Interview

How leaders can connect meaningfully several levels deep into the organization

9th December 2019 · 3 min read

Pieter Van Oijen Headshot

We spoke to Pieter van Oijen about leadership. What makes a good leader? What challenges do today’s leaders face? And how can these be overcome? Pieter shares his views with us in our latest interview!

Perdoo: 

Please tell us a bit about yourself and your journey with OKR.

Pieter:

I have a background in Finance. Over the years, my interest and passion have shifted from financial planning & business control to themes around transformation, organizational success, and customer value delivery.

Before joining Objeqts as an advisor, I worked for 4 years on the global adoption of continuous improvement and customer-centricity in the local admin and support functions of a multinational company. We based our programmes on the lean philosophy and lean tools. To me, OKR is the perfect add-on that brings business impact, value-based working, accountability and transparency to the next level without introducing additional high-brow concepts. 

Perdoo: 

How would you describe a good leader, and has this changed over time?

Pieter:

At a high level, the responsibility of a leader hasn’t changed. It’s to create an organization that is successful in delivering customer and stakeholder value, and is financially sound while doing so.
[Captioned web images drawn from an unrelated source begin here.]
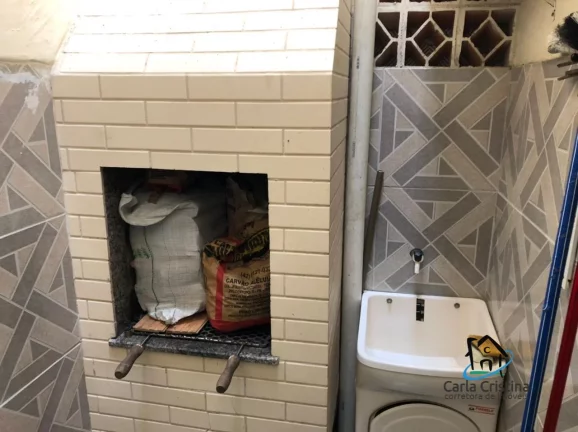 Imagem CASA RESIDENCIAL em Matinhos - PR, Balneário Inajá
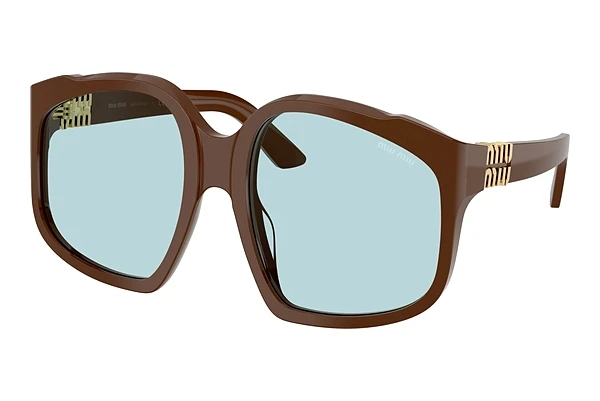 Sunglasses Miu Miu MU A07S 24D20R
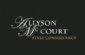 in SEAHAM - Allyson McCourt Style Consultancy in SEAHAM - Allyson McCourt Style Consultancy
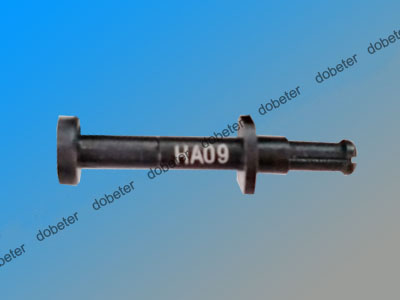 630 129 2946 HA09 hitachi nozzle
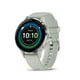 thumbnail image 2 of Reloj inteligente Garmin Venu 3S Health Fitness GPS de 41 mm con paquete, 2 of 8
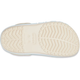 Дитячі крокси для хлопчика Crocs Bayaband Clog Beuge (30/31, бежевий) - изображение 5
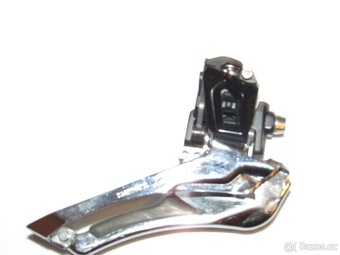 Sada Shimano 105 - 7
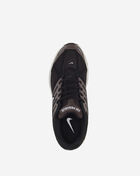 Air Pegasus 2K5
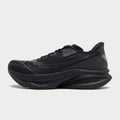 Black Saucony Endorphin Azura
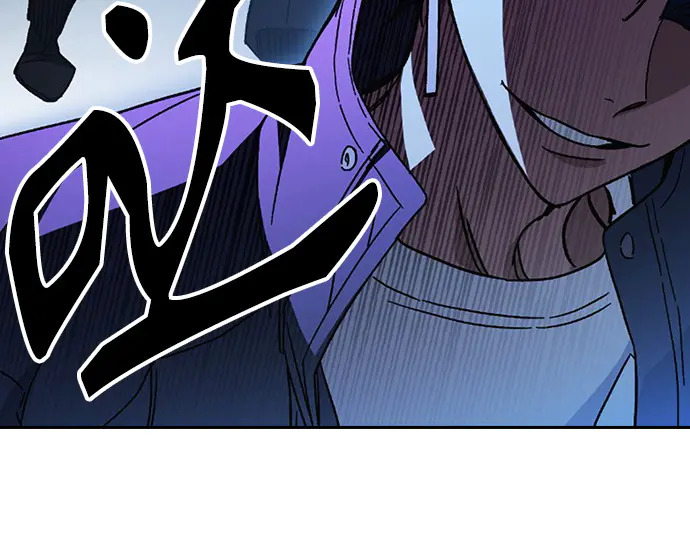 第3季第66话 第154页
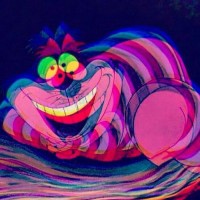 Avatar de ChatdeCheshire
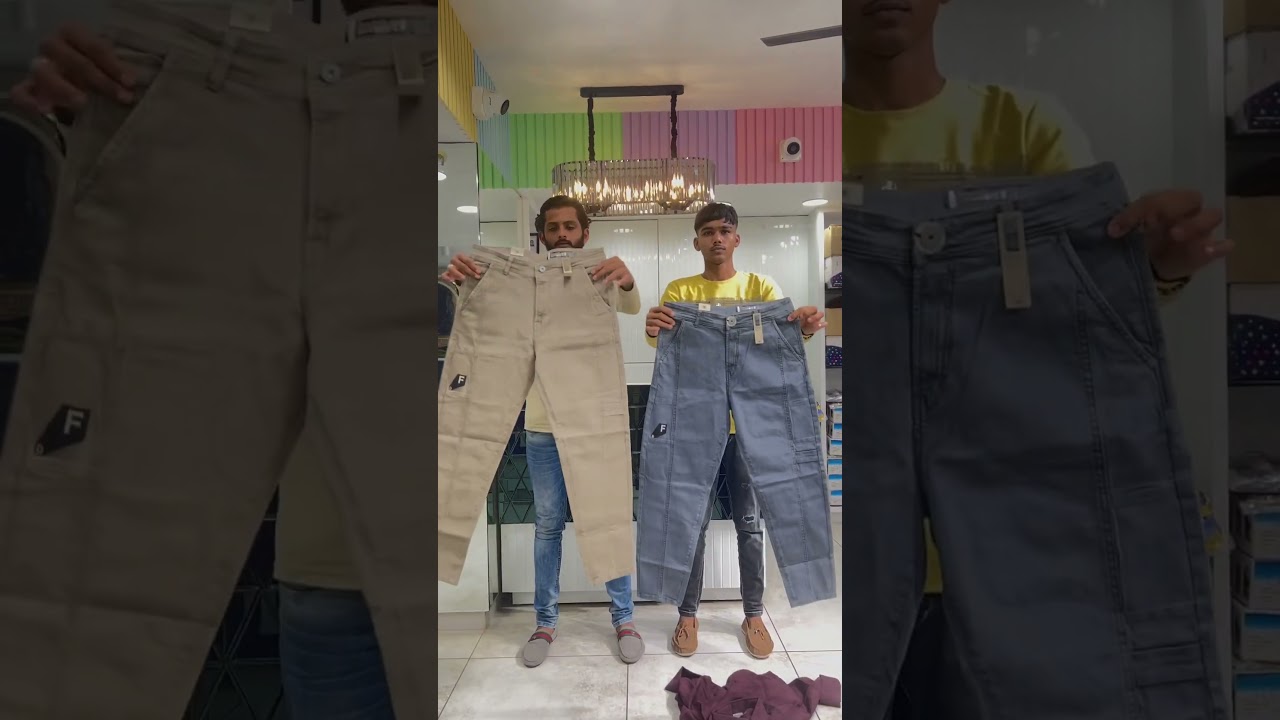 New imp shirt 🤩🔥👈🏻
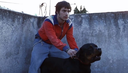 Amores Perros // Presented by MUBI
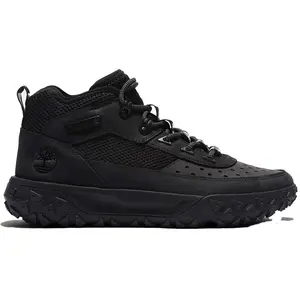 Timberland Bottes De Randonnée Greenstride Motion 6 pas cher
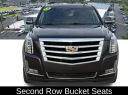 Thumbnail image of 2016 Cadillac Escalade at Cape Coral Chrysler Dodge Jeep Ram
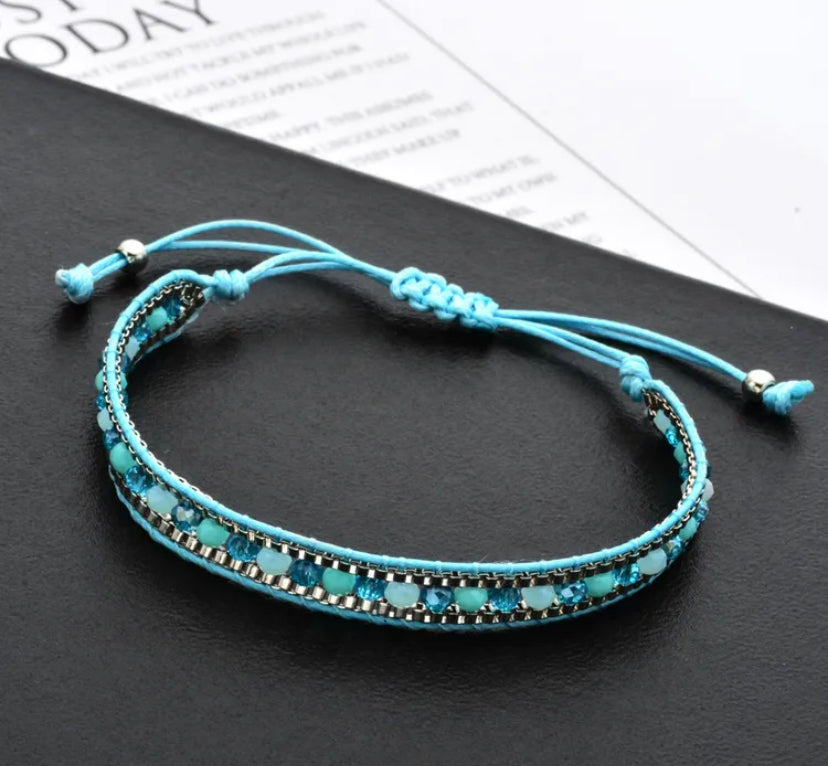 Lulu Bracelet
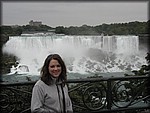 IMG_3383.jpg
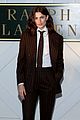 ralph-lauren-fashion-week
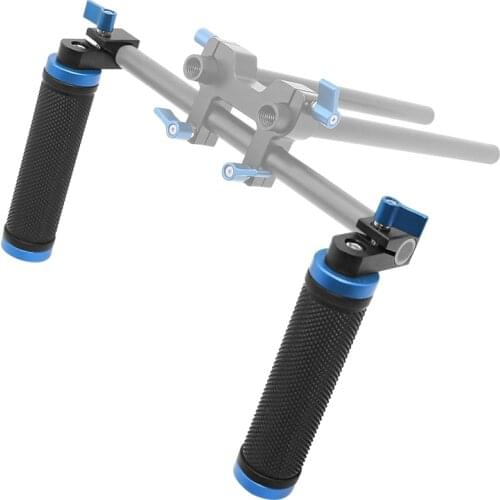 Клетки для фотоаппаратов Advicho China At AliExpress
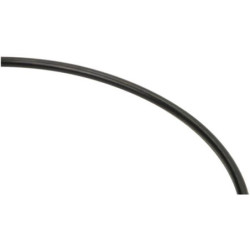 Pierścień uszczelniający o-ring 139.29x3.53mm EPDM czarny Comer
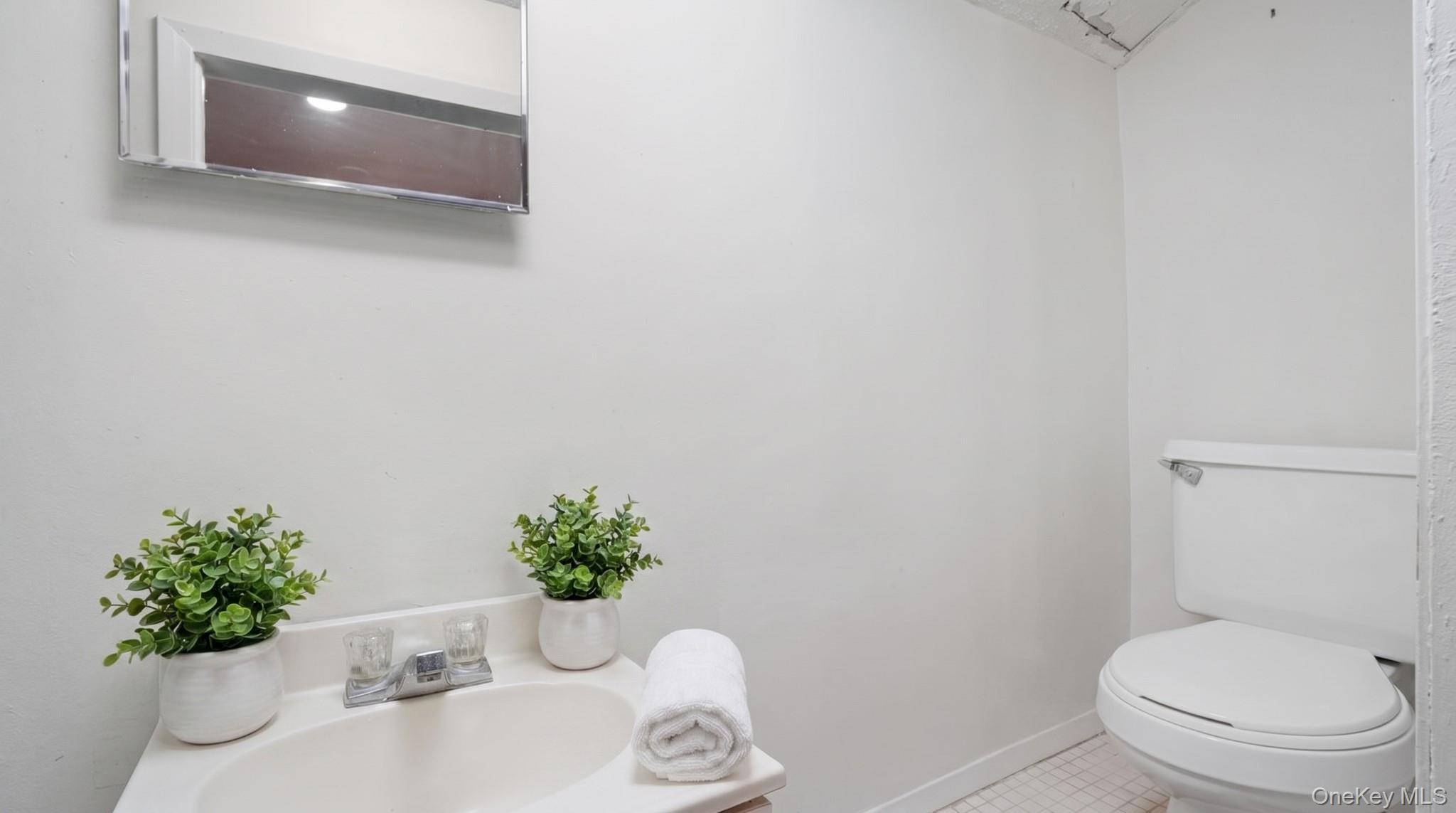 Single Family 109th Road Queens, NY 11412, MLS-1027474-15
However, the role that leaders play in this, and how they contribute, is changing at the moment. Most organizations are trying to become agile these days. Agile organizations are less hierarchical, rely on collective brainpower, work in shorter cycles, and experiment a lot (ie, they embrace failure). What employees are asking from their leaders is not to be the expert that provides all the answers and tells them what to do—but to provide coaching, context and direction. The modern leader inspires, creates trust and psychological safety, and continuously shows his or her commitment to the mission, vision and strategy.

Perdoo: 

What is the biggest challenge that leaders face nowadays?

Pieter:

Execution.

Creating a clear ultimate goal (ie, mission & vision) for the organization, and designing a 3- to 5-year strategy to get there, is something that most leadership teams will get done without too much trouble (though some need external help to make it crisp and clear). It’s delivering that strategy that is the real challenge. As John Doerr says: “Ideas are easy, execution is everything”.

Perdoo: 

How can leaders overcome this challenge? And what happens if they fail to overcome this?

Pieter:

Strategy delivery is what most companies are—and always have been—struggling with. It requires a structured framework that leads employees in the right direction. OKR is a key element of such a framework. OKR is easy for everyone to understand, can be tailored to each organization’s specificities, creates a common language for business goals and goal realization, and makes progress visible.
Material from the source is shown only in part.